The Dickey-Fuller test tests an AR(1) series for stationarity.

An AR(1) series can be written as:

$$x_t = \phi x_{t-1} + \epsilon_t$$

with $$\phi$$ constant and $$\epsilon_t$$ white noise.

The series is stationary only if $$\phi<1$$.

This series can be written as:

$$\Delta x_t = \beta x_{t-1} + \epsilon_t$$

with $$\beta = \phi - 1$$

The null and alternative hypothesis of the DF test are respectively:

H0: $$\beta=0$$ (i.e. $$\phi=1$$) -> non-stationary

H1: $$\beta<0$$ (i.e. $$\phi<1$$) -> stationary

I do not understand why the case $$\phi>1$$ (which should corresponds to 'non-stationary') is left out in the hypothesis.

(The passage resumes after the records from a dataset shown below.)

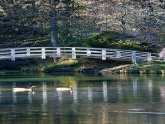 Rentals Properties NC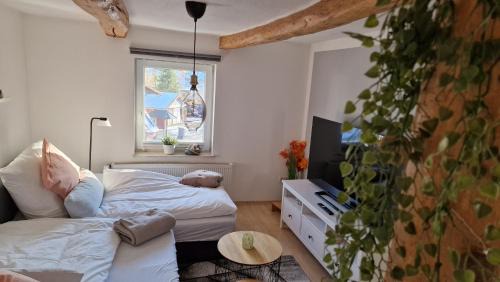 Gleichen Apartment | Bergstrasse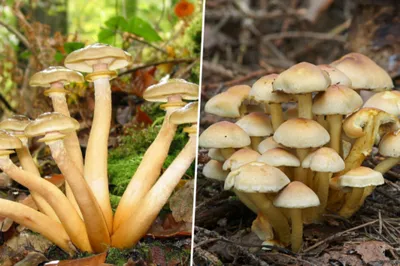 Гигрофор или ядовитые опята: в сети спорят о грибах в киевских лесах: в  сети спорят о грибах в киевских лесах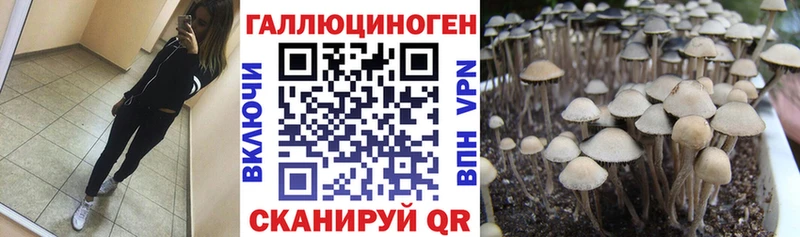 Галлюциногенные грибы мицелий  что такое наркотик  Краснокамск 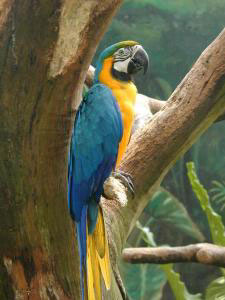BIRDS - MACAW
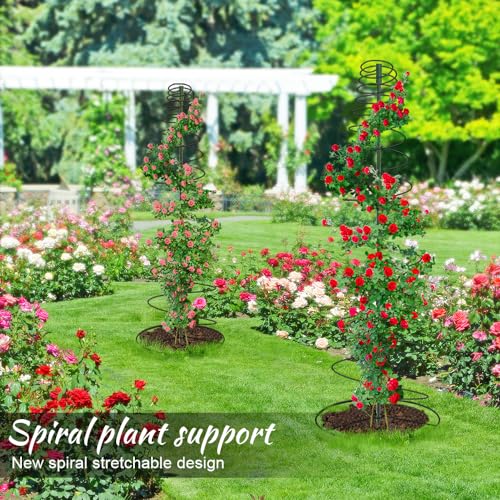 Rankhilfen für Kletterpflanzen Garten, Pflanzenstütze Rund Metall, Rankhilfe Tomaten 135cm Hoch, Kletterhilfe Pflanzen Draussen und Innenbereich, Topfpflanzen für Rosen Bohnen Gurken Weinrebe Efeutute – Bild 4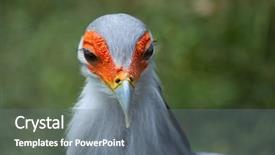  Presentation with secretary - Presentation theme enhanced with secretary bird sagittarius serpentarius wildlife background and a gray colored foreground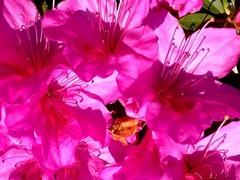 ���μ��Ť�����ä�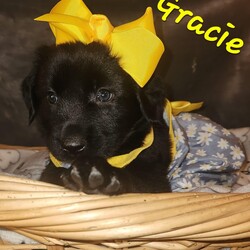 Adopt a dog:G litter Gracie/Labrador Retriever/Female/Baby,The G litter are about 8 weeks old! 

2 boys and 1 girl! 

They are super sweet! All dressed up and no where to go! They are in a foster home in Mississippi.  

They are learning socializing skills and how to use the potty pad! 

Current on age appropriate vetting and can travel for the right home! 

All dogs are chipped and will be altered upon arrival ! 

You can find my form 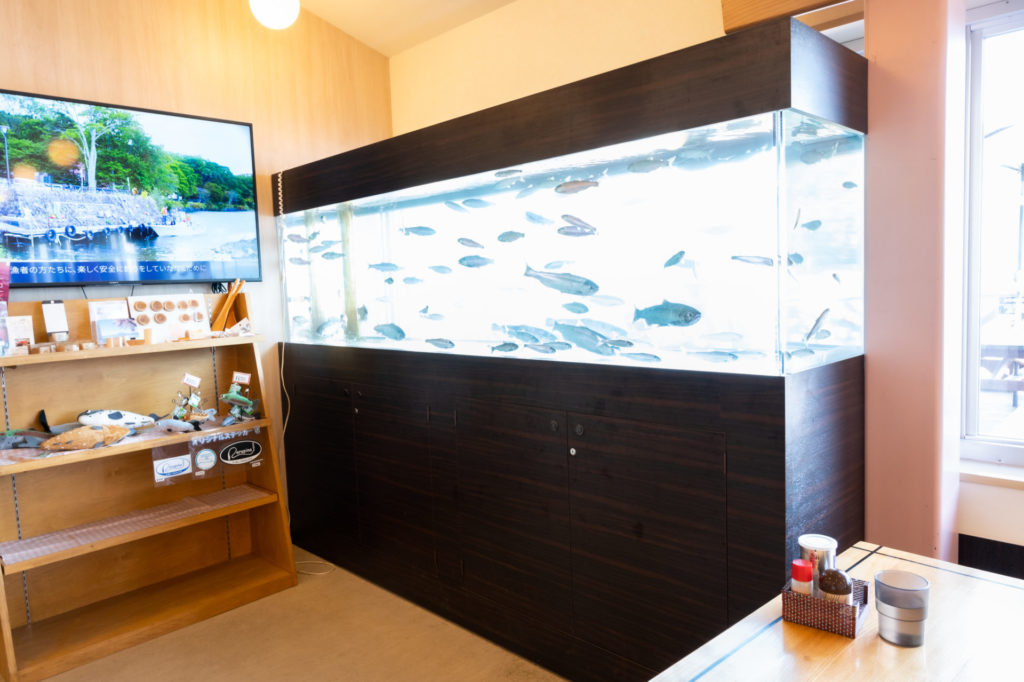 特殊水槽 | オーダーメイド・アクアリウム＠東京アクアガーデン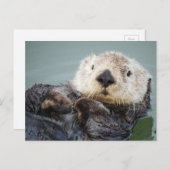 Een zee otter die in het water afkoelt briefkaart (Voorkant / Achterkant)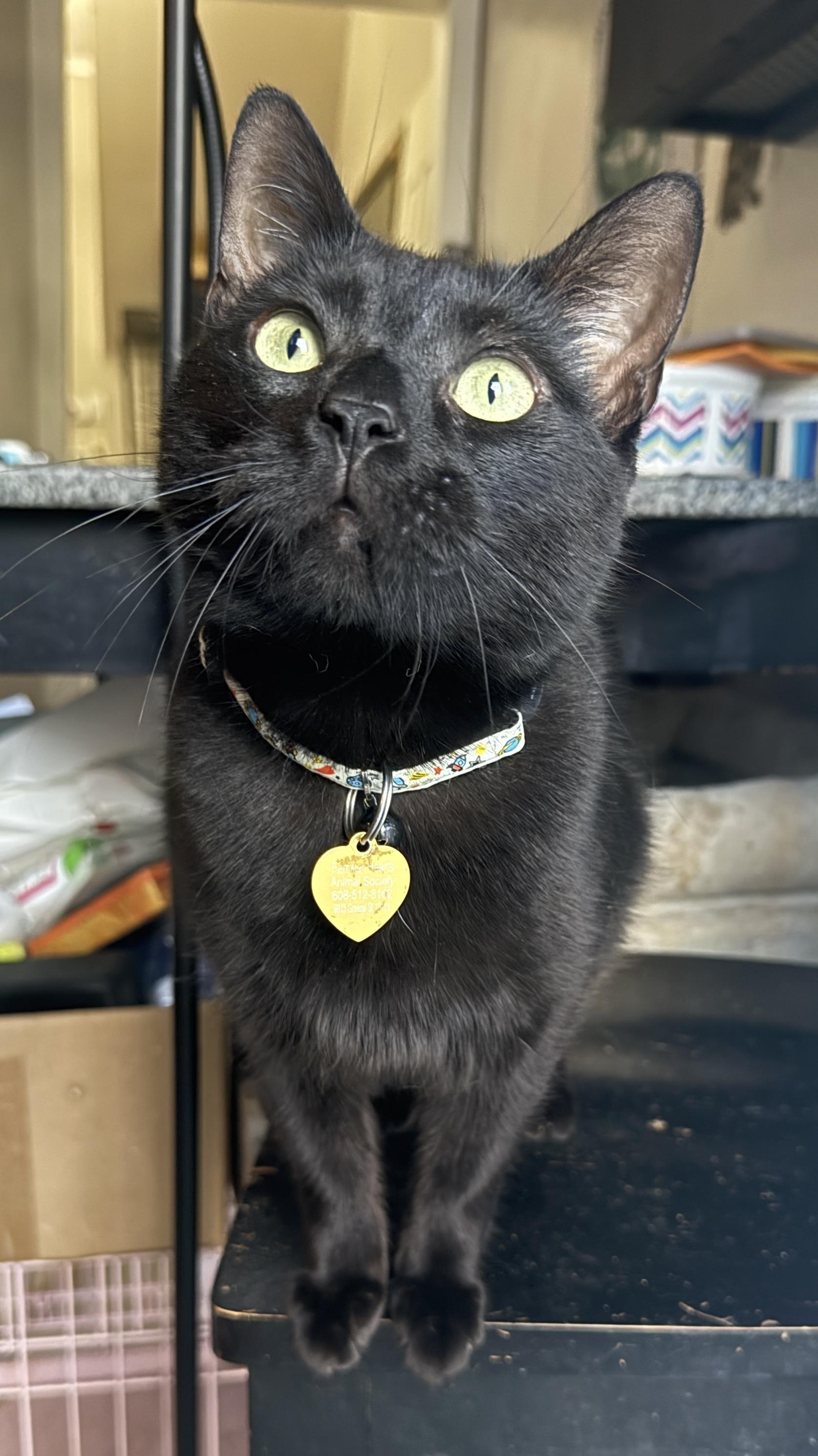 Enlarge Onyx, a Adoptable Domestic Short Hair in Philadelphia, PA image 1/6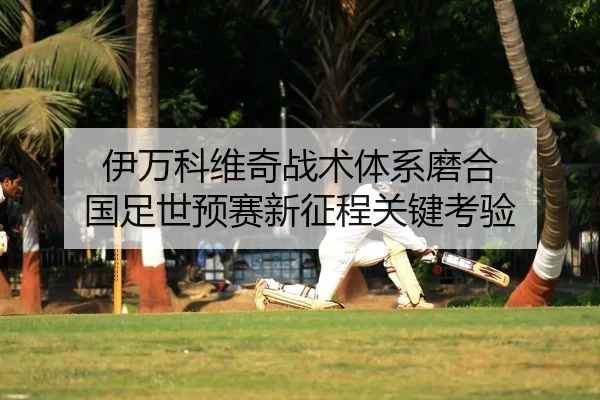 伊万科维奇战术体系磨合 国足世预赛新征程关键考验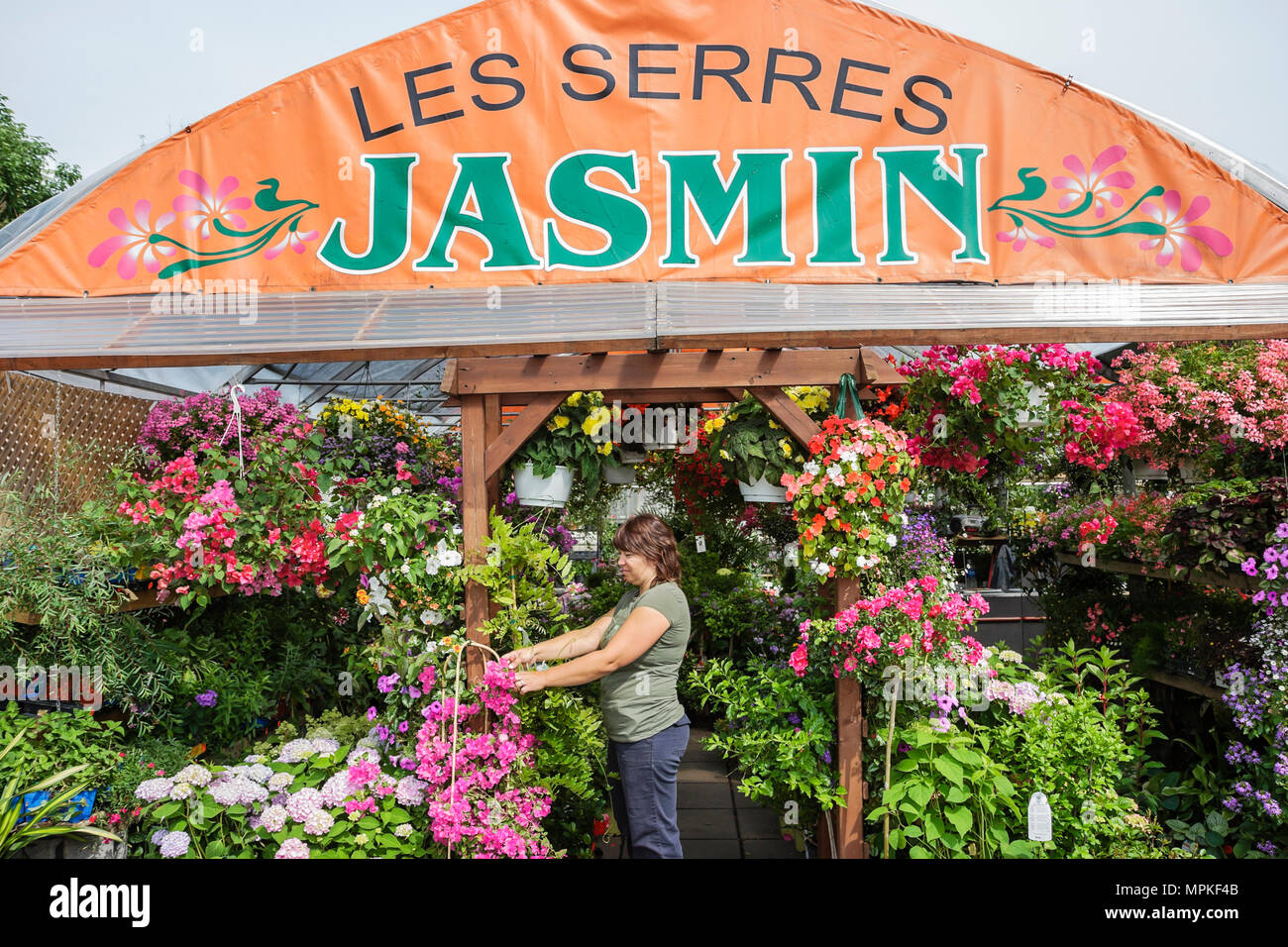 Montreal Canada,Quebec Province,mercato dell'acqua di Atwater,rue Saint Ambroise,vivaio,fiore,piante,donna arrangies femminile,cesti pendenti,Canada070704072 Foto Stock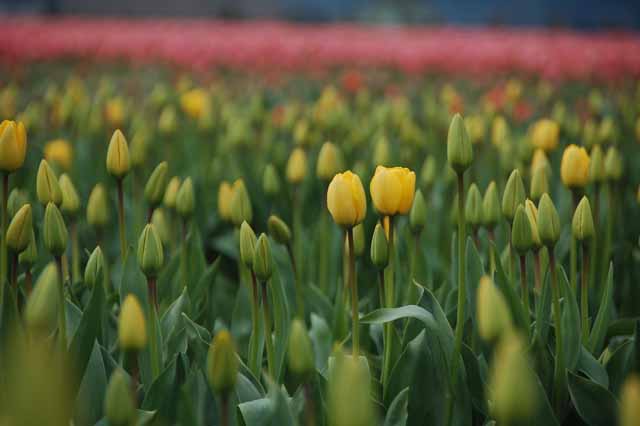 tulips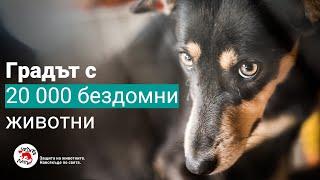 ЧЕТИРИ ЛАПИ помага на бездомните животни в Молдова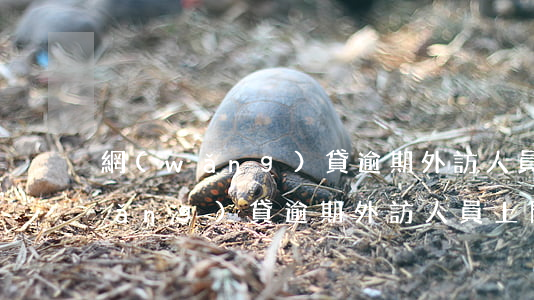 網(wǎng)貸逾期外訪人員上門(網(wǎng)貸逾期外訪人員上門全程視頻違法)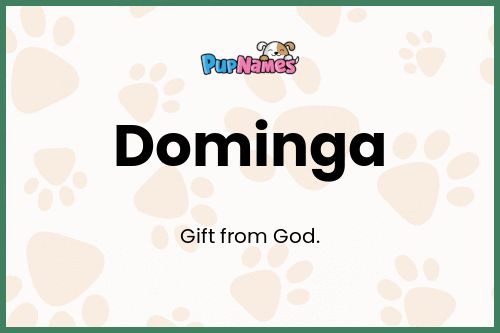 Dominga dog name meaning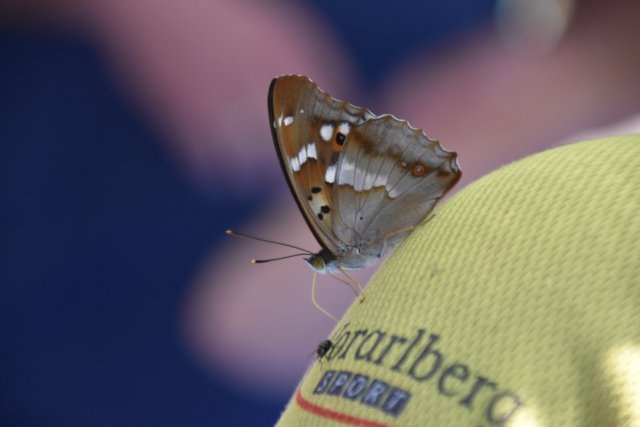 XIII Gala Sportu Żyrowik - foto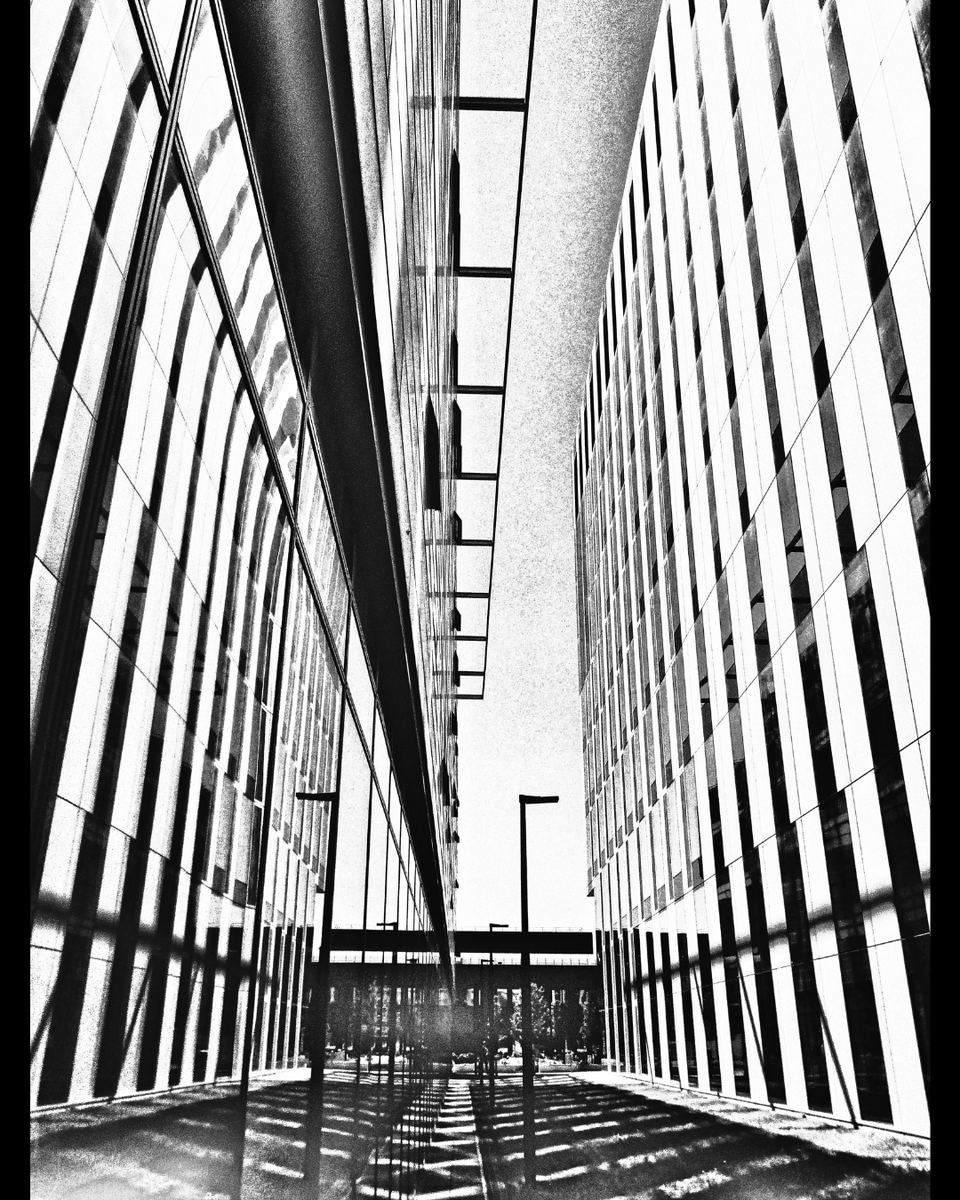 gedeclectic's tweet photo. Oxford Road Manchester University Buildings

#architecturephotography #urbanphotography 
#monochrome #photooftheday
#bnw #bw #bnwphotography
#travelphotography 
#bnw_captures #bwphotography 
#bnw_society #photo 
#manchester #manc
#manchesteruniversity

IG &amp; TW @gedeclectic https://t.co/kM88LwWVTa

It is because when $$\phi > 1$$ it's clearly non-stationary, as it has trend. In this case, the failure of stationarity can be detected by eye, so the ADF test is not necessary.
More importantly, the ADF test is really testing whether or not there's a unit root. So the null hypothesis is "yes, there's a unit root" and $$\phi > 1$$ does not fit into that camp. Note that a time series can pass the ADF test, meaning there's no unit root, and still fail to be stationary. It's a unit root test, not an "if and only if" test for stationarity.